# Designing a Distributed Key-Value Store

A distributed key-value store looks simple at the API boundary: `put(key, value)`, `get(key)`, and `delete(key)`. The hard part is making those operations predictable when disks fail, nodes restart, networks partition, and traffic shifts unevenly across the cluster. A production design usually starts by defining the failure model, latency target, and consistency guarantees before choosing storage engines or replication algorithms.

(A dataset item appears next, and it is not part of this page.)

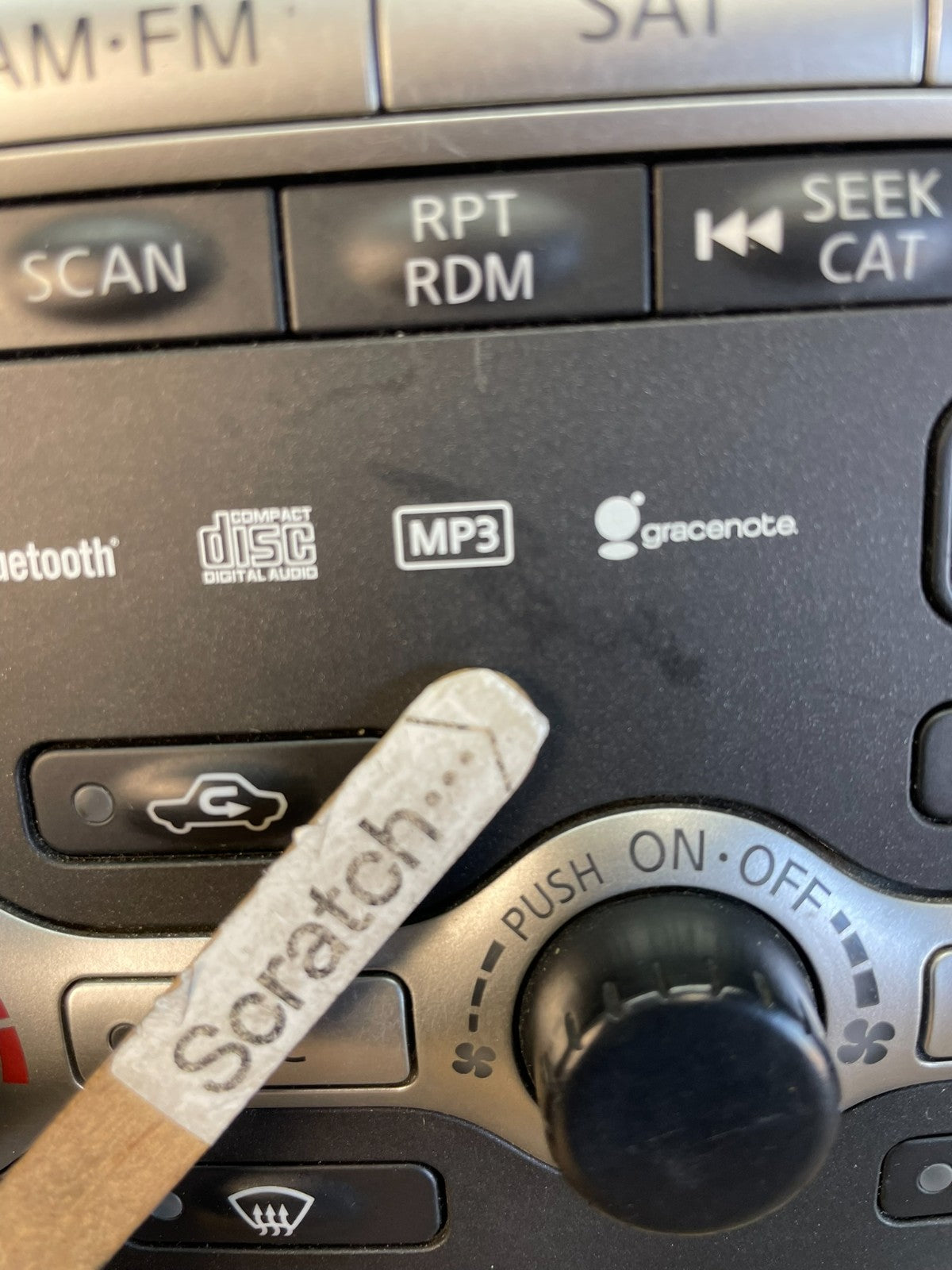 2011 - 2014 Nissan Murano AM FM Radio CD Climate Control Panel AC5250 DG3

## Partitioning and Replication

Most systems split the keyspace into shards using consistent hashing or range partitioning. Each shard is assigned to multiple replicas, commonly three, spread across failure domains such as hosts, racks, or zones. Consistent hashing makes node additions less disruptive, while range partitioning can make scans easier but requires careful split and merge logic to avoid hot partitions.

## Consistency Model

A common approach is leader-based replication per shard: writes go to the shard leader, then replicate to followers through an ordered log. Reads can go to the leader for stronger consistency or to followers for lower latency with possible staleness. Some stores expose quorum settings so clients can tune availability and consistency per workload.

```yaml
replication_factor: 3
write_quorum: 2
read_quorum: 2
compaction:
  strategy: leveled
  target_file_size_mb: 128
```

## Storage and Compaction

On each node, an LSM-tree is a practical storage layout for write-heavy workloads. Writes land in a memory table and append-only commit log, then flush into immutable sorted files. Background compaction keeps read amplification under control, but it must be rate-limited because aggressive compaction can steal IO from foreground reads and writes.

## Operational Concerns

The store needs more than replication to be reliable. Operators need metrics for tail latency, quorum failures, leader elections, disk saturation, compaction backlog, and replica lag. Repair jobs should continuously compare replicas and fix divergent data, while rebalancing should move shards gradually so recovery does not create a second outage.

## Final Shape

A realistic distributed key-value store is less about a clever hash map and more about bounding uncertainty. The API should be small, but the internals need explicit choices around placement, replication, consistency, storage layout, and observability. When those tradeoffs are documented and exposed carefully, the system becomes easier to reason about during both normal growth and failure recovery.